MIMIKA  Sebagai upaya mengejar ketertinggalan dan mengatasi kesenjangan dalam hal cakap digital dan penggunaan internet di tingkat desa. Pemkab Mimika melalui Dinas Komunikasi dan Informatika menjadikan Mimika Barat tepatnya di Kampung Kokonao sebagai Kampung Digital.

Plt. Kadiskominfo Mimika, Albertus Tsolme mengatakan, pihaknya tengah bersiap menjalankan program Kampung Digital yang dimulai dari Kampung Kokonao Distrik Mimika Barat.

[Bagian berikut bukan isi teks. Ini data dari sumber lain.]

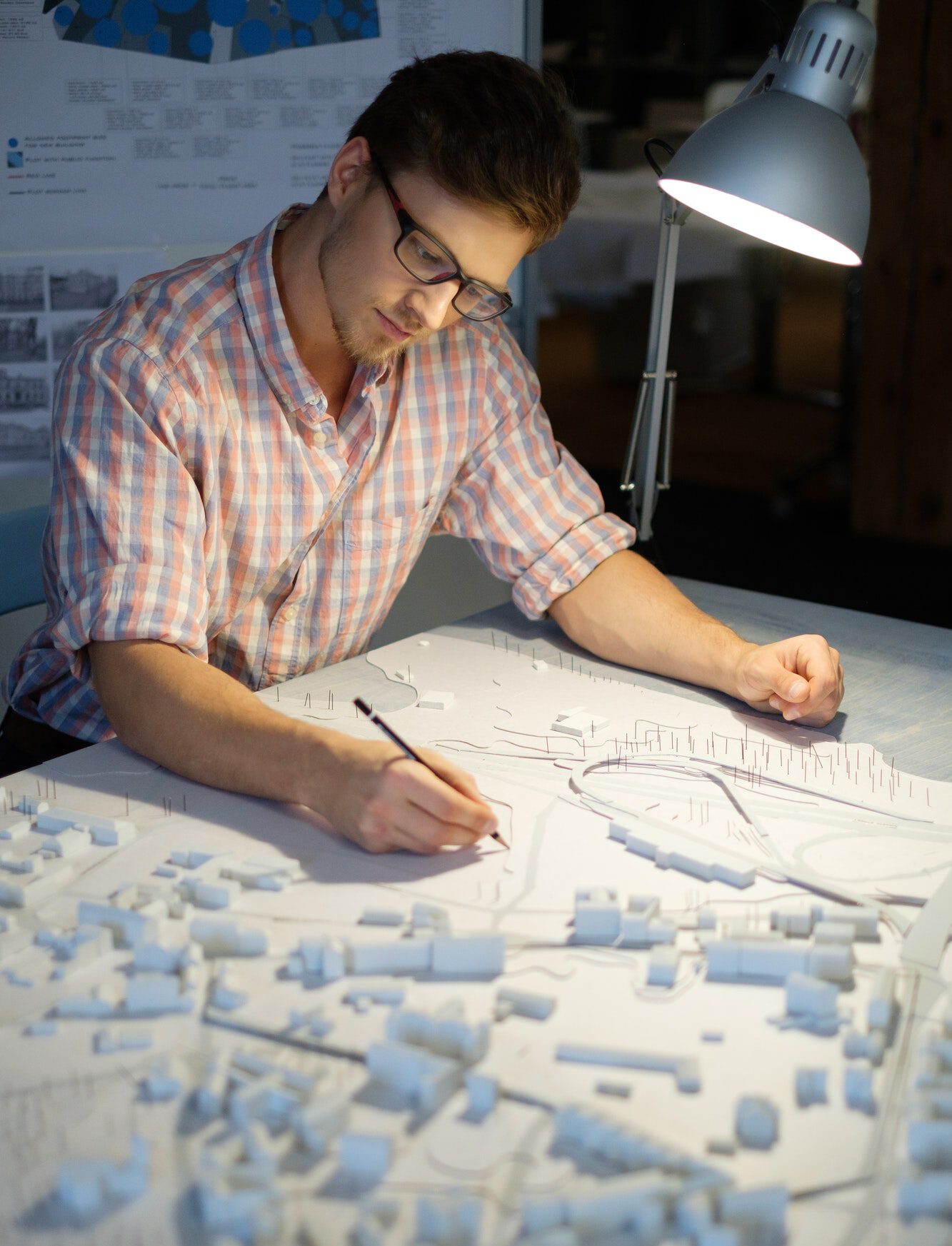 Young architect working on drawing table in architect studio.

“Kita menjadikan mimika barat sebagai kampung digital. Tentu semua aspek kehidupan di kampung dan di kota bisa terjadi transformasi informasi, mulai dari ekonomi, politik, hukum, budaya, sosial, pendidikan, pertanian serta kesehatan, sehingga kampung ke depan tidak lagi tertinggal oleh informasi, serta mendapatkan pelayanan cukup cepat lewat aplikasi administrasi, data, dan sebagainya,” kata Albertus kepada papuaekspose.com di ruang kerjanya Selasa (21/2/2023).

Ia menyebut, program itu disupport dengan sumber dana dari anggaran Otsus dengan nilai berkisar Rp1,5 miliar.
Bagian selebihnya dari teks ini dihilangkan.